In 2020 Sydney-based painter Caroline Zilinsky visited Cameron Corner, a remote town close to the border junction of New South Wales, Queensland, and South Australia. Zilinsky chose this route to retrace a journey taken in 1944 by artist Russell Drysdale to record drought conditions.
“Once I had mapped out his exact journey, I travelled to Broken Hill, Silverton and Tibooburra, sketching and photographing as I went.” The outcome of Zilinsky’s outback travels is Barren Land, an exhibition of portrait and landscape paintings, completed over a two-year period. “The paintings are a very intimate portrayal of the people I met and how they had been shaped by such an immense and remote land,” Zilinsky explains.

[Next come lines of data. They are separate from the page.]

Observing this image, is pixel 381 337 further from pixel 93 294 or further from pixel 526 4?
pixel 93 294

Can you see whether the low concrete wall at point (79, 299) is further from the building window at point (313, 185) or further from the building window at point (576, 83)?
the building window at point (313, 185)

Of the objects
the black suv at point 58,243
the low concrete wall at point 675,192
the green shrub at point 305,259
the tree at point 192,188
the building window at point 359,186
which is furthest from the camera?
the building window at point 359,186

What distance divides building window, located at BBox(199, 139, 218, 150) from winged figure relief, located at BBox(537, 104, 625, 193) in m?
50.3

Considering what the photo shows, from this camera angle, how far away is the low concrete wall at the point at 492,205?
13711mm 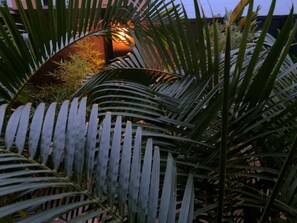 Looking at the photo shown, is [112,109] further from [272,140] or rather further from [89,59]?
[89,59]

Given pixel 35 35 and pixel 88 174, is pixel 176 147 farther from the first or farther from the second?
pixel 35 35

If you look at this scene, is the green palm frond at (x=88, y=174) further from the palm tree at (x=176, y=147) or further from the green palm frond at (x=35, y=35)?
the green palm frond at (x=35, y=35)

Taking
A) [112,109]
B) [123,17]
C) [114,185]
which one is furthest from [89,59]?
[114,185]

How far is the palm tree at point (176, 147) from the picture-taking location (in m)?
0.58

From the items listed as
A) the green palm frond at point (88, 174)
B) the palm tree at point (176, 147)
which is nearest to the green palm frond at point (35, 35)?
the palm tree at point (176, 147)

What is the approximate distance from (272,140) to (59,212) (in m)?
0.57

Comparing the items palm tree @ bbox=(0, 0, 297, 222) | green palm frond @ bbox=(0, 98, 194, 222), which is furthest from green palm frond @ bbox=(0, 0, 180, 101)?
green palm frond @ bbox=(0, 98, 194, 222)

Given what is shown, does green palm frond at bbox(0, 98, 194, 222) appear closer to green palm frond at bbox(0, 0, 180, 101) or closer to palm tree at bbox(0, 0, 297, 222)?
palm tree at bbox(0, 0, 297, 222)

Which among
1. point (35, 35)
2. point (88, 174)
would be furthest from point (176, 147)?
point (35, 35)

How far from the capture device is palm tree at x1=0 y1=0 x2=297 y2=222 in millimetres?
577

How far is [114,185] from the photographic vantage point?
1.93ft

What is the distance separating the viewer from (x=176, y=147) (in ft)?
2.82

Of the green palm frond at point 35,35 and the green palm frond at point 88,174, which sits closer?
the green palm frond at point 88,174

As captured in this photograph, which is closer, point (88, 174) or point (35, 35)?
point (88, 174) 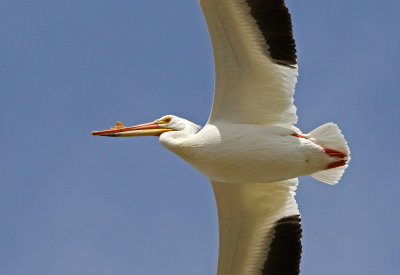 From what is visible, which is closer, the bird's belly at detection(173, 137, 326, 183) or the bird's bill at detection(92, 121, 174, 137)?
the bird's belly at detection(173, 137, 326, 183)

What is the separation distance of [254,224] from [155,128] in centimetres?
159

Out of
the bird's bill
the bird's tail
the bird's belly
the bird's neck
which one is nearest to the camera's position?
the bird's belly

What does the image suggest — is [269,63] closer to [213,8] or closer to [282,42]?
[282,42]

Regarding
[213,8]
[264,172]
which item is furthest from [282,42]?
[264,172]

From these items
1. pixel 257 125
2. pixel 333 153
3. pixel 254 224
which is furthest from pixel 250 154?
pixel 254 224

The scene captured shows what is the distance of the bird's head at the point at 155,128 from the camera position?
381 inches

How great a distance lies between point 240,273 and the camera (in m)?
9.65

As she followed in Drysdale’s footsteps, Zilinsky quickly discovered an overwhelmingly male dominated history visually recorded by a long line of artists before her. “The Australian outback is such a strange place it almost dictates certain narratives. Towns like Cobar and Broken Hill are rugged places built on the back of mining and the outback stations are huge and unforgiving. As I painted, I felt as though I was engaged in a conversation with painters of the past—Tom Roberts and his shearers; Sidney Nolan and Ned Kelly; Pro Hart, Arthur Boyd, Rick Amor, Clifton Pugh, and Drysdale.”
The latter three artists played an influential part in Zilinsky’s journey. By chance, she had made her way to Tibooburra seeking accommodation for the night. Walking into the Family Hotel, she discovered a series of large murals featuring work by Pugh, Drysdale and Amor covering the walls near the bar.

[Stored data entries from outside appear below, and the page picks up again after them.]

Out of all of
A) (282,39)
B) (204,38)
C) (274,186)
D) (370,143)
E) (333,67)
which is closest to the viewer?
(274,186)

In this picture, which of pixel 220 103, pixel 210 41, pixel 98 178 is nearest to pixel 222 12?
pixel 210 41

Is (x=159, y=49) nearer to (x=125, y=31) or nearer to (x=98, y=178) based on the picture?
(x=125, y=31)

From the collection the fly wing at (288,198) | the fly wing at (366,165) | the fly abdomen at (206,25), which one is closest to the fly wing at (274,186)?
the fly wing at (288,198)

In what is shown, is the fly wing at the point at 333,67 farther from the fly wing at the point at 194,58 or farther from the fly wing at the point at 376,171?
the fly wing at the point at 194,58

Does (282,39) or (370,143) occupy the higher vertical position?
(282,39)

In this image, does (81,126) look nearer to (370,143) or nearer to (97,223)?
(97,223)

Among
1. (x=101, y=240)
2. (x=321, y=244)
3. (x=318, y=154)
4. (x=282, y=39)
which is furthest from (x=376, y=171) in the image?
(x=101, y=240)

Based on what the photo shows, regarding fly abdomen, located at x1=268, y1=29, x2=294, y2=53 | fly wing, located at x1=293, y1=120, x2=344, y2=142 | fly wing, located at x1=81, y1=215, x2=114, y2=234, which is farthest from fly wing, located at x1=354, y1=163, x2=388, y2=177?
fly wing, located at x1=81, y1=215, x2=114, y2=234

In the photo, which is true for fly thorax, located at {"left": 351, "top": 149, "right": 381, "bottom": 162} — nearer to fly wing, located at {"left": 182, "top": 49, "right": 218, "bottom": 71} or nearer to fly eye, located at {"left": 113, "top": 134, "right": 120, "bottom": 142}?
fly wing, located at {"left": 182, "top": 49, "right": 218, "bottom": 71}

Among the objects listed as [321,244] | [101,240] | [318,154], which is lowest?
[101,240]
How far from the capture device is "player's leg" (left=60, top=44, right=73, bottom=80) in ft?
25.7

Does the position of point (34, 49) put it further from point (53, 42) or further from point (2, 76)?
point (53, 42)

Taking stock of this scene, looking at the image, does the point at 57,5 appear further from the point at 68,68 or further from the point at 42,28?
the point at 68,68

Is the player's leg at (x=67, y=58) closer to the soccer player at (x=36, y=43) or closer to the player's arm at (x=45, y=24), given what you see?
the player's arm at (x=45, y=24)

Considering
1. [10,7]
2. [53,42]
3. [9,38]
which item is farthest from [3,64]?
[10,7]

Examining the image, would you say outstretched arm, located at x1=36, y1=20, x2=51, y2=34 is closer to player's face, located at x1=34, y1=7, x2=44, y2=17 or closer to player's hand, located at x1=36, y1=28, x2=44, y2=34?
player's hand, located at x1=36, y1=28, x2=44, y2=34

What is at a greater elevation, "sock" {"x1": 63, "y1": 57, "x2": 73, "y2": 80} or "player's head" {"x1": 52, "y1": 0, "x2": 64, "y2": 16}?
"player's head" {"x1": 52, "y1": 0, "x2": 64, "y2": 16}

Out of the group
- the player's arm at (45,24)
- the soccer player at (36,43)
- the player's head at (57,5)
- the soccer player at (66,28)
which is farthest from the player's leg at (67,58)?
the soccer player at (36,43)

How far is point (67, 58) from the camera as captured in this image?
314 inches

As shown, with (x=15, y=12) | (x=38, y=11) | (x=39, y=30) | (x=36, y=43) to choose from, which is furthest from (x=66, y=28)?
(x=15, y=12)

Speaking with the publican, Melissa Thomson, Zilinsky learned the story behind the murals. “Melissa informed me Pugh had owned the pub in the 1960s. During the huge flood of 1970, all three artists had been trapped inside for weeks and in lieu of canvas had taken to the walls to paint.” Around the corner was a portrait by Drysdale—a barely distinguishable outline of two figures bearing the inscription, To Barney the Old-timer, Russell Drysdale 1970.
After confirming Zilinsky’s artistic credentials and admitting, “I wouldn’t let any old person touch my Drysdale,” Thomson asked if Zilinksy would restore Drysdale’s linework. Upon her acceptance, Thomson left the light on, and the pub door unlocked. At 4:30am Zilinsky started her restoration. “In the silence of a red, dusty town still sleeping, I traced the lines of the master I had gone there to follow. From one painter to another, the silent communication was profound.”

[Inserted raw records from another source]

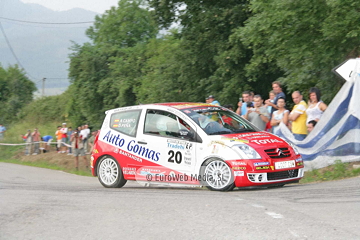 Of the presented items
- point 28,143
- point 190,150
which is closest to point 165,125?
point 190,150

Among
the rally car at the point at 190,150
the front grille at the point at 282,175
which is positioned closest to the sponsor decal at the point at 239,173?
the rally car at the point at 190,150

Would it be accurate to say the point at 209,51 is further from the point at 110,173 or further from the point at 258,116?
the point at 110,173

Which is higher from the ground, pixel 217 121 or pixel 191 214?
pixel 217 121

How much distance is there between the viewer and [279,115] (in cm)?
1333

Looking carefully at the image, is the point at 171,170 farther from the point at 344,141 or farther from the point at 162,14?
the point at 162,14

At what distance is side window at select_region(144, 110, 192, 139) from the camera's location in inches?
425

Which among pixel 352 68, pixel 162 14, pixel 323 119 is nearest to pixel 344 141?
pixel 323 119

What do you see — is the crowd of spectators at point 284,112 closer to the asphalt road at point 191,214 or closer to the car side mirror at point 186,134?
the asphalt road at point 191,214

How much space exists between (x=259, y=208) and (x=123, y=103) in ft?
102

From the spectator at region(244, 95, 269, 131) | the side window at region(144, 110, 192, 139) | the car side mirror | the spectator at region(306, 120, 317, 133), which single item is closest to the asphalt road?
the car side mirror

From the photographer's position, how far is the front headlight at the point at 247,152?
32.3 ft

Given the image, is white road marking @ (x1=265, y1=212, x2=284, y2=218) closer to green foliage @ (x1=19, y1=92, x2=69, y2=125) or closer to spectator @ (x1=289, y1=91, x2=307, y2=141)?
spectator @ (x1=289, y1=91, x2=307, y2=141)

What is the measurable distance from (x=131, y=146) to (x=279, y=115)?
3.85 metres

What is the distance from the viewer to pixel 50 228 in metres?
6.91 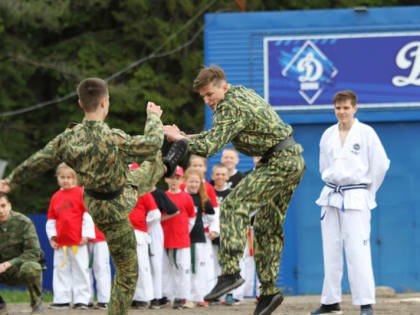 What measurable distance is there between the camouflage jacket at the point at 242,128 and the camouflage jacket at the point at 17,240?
10.3ft

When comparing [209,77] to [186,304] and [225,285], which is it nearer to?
[225,285]

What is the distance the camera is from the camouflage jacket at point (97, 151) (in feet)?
23.4

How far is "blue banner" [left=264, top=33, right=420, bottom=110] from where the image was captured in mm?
13469

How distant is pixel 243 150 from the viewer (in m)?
7.77

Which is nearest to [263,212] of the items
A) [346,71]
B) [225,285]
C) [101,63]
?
[225,285]

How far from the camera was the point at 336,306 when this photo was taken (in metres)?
9.24

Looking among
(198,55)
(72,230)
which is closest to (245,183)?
(72,230)

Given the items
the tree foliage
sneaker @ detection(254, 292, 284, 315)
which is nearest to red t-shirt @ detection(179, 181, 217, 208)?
sneaker @ detection(254, 292, 284, 315)

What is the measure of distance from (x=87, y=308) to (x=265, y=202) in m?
4.17

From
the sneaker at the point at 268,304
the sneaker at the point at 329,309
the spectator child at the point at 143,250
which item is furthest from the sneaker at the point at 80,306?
the sneaker at the point at 268,304

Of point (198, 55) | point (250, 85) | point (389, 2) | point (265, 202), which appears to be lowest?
point (265, 202)

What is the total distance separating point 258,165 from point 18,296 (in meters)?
7.72

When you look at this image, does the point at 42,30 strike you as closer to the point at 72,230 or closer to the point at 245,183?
the point at 72,230

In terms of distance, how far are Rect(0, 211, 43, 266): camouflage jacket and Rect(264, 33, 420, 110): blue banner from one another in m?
5.12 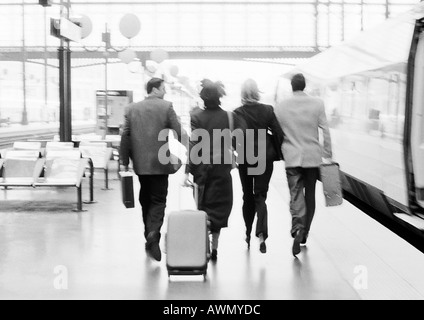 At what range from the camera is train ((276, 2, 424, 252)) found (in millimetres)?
8023

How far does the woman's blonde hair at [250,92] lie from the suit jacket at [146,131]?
0.67m

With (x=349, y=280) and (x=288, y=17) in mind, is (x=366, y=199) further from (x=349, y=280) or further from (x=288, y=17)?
(x=288, y=17)

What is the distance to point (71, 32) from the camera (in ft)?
39.8

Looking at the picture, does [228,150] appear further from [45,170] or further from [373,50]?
[373,50]

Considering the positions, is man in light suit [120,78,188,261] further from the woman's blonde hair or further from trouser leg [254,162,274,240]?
trouser leg [254,162,274,240]

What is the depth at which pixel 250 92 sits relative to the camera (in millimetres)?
6918

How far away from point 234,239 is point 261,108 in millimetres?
1620

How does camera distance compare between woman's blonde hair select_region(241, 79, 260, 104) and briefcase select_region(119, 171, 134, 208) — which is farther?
woman's blonde hair select_region(241, 79, 260, 104)

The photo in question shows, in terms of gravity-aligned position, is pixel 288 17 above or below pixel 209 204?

After connecting with Drysdale in such a serendipitous and memorable way, Zilinsky was also deeply moved by the strength and tenacity shown by women living in the outback. “On one of our long drives my friend Fiona Lucas said to me, ‘You know, it’s the women who are strong out here, they hold the place together.’ Those words really resonated.” Several paintings in Barren Land reflect this point of view. Annie O’Connor from the Mount Arrowsmith Sheep Station is the subject of The Rise of Annie O’Connor, 2022 and Thomson is a central figure in Saturday Night at the Family Hotel, Tibooburra, Karengappa, 2022.
Another prominent feature of Barren Land is the landscape. Like a recurring character, in works like Villa Borghese, 2022 and Wilyakali Wonderer, 2022, Zilinsky captures the expanses of red earth synonymous with the Australian outback, highlighting the isolation of those living in remote pockets of a vast environment.
Looking back on her epic journey Zilinsky concludes, “as a painter I gained great insight into how many of the themes central to Australian painting emerged.” Not only had she connected intimately with Drysdale’s past, but she had also forged an important chapter in her own practice. “I now look at this body of work [in Barren Land] and feel as though I have told my story of the places I went and inadvertently, it is from a uniquely feminine perspective.”